(Web page caption snippets)
——

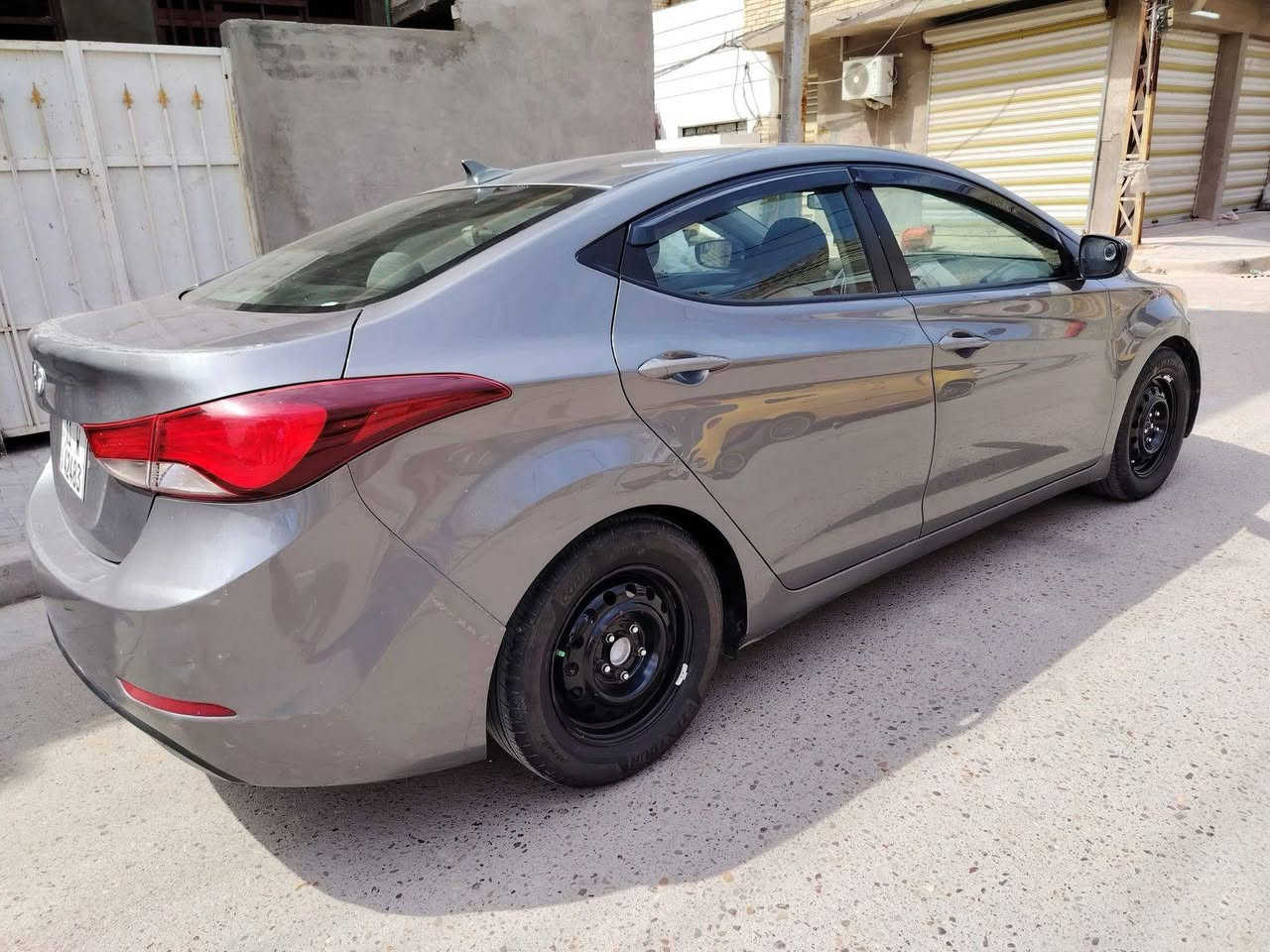 سلام عليكم النتره 2014 وارد أمريكا حادث جاملغ وباب مال أمريكا وبيهه بل عراق جاملغ بارد والباقي مكفول
كير مكينه كفاله مكاني بغداد المشتل حي المعلمن
السعر ١١٥ وبيه مجال
***********
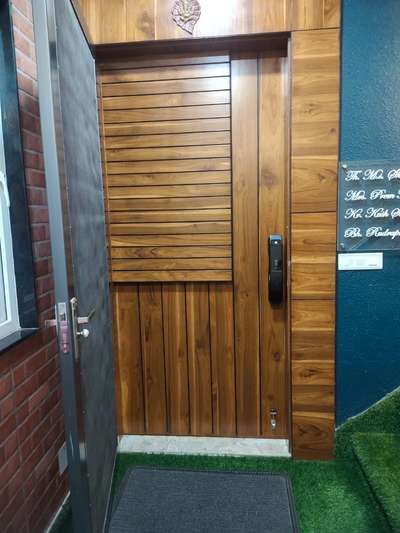 Door Designs by Carpenter Mo Hasim saifi, Gurugram | Kolo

——

__EXERCISE REQUIREMENTS__
Copy out the preceding entries without a single change, leaving out the pictures.

__WORKED SOLUTION__
 سلام عليكم النتره 2014 وارد أمريكا حادث جاملغ وباب مال أمريكا وبيهه بل عراق جاملغ بارد والباقي مكفول
كير مكينه كفاله مكاني بغداد المشتل حي المعلمن
السعر ١١٥ وبيه مجال
***********
 Door Designs by Carpenter Mo Hasim saifi, Gurugram | Kolo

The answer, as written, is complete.